Lonsurf combines trifluridine, an antineoplastic thymidine-based nucleoside analogue, with tipiracil hydrochloride, a thymidine phosphorylase inhibitor, in either 15mg/6.14 mg or 20mg/8.19mg tablets.
Trifluridine is incorporated into cellular DNA via phosphorylation, thereby disrupting DNA function and cellular proliferation. Tipiracil hydrochloride prevents the normal degradation of trifluridine by thymidine phosphorylase.
Lonsurf is indicated in patients who have been previously treated with, or who are not considered candidates for, available treatments (including fluoropyrimidine-, oxiplatin- or irinotecan-based chemotherapies, anti-VEGF agents and anti-EGFR agents).
Findings of the (n=800) showed trifluridine/tipiracil to be superior to placebo in treating patients with metastatic colorectal cancer who were refractory to or unable to tolerate standard chemotherapies. Participants were randomised to receive either trifluridine/tipiracil (n=534) or placebo (n=266), both with best supportive care.

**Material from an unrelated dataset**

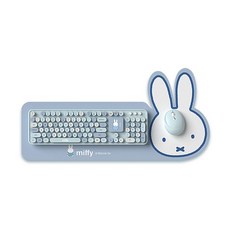 Miffy x MiPOW 米菲104鍵全尺寸無線鍵盤滑鼠套裝組MPC006, 藍色, MPC006, 全尺寸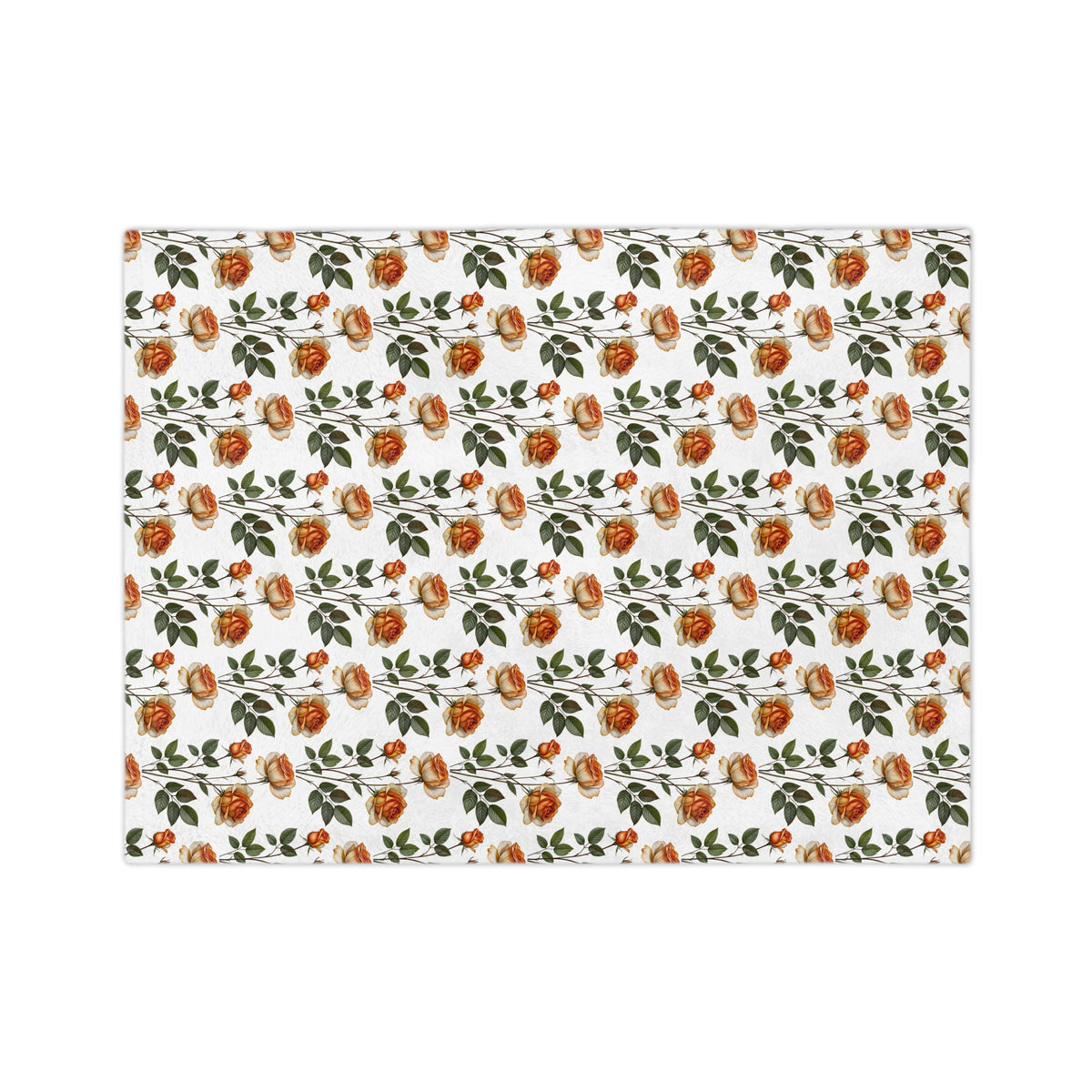 Floral Velveteen Blanket — Vintage Orange Rose Microfiber Throw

Median overall survival, the primary endpoint, was 7.1 months (95% CI 6.5-7.8) in the trifluridine/tipiracil group compared with 5.3 months (95% CI 4.6-6.0) in the placebo group (p<0.0001). One-year survival rates were also higher with trifluridine/tipiracil than placebo (26.6% vs 17.6%).
The most common adverse effects of trifluridine/tipiracil that resulted in treatment discontinuation or dose reduction, interruption or delay included neutropenia, anaemia, fatigue, diarrhoea and dyspnoea.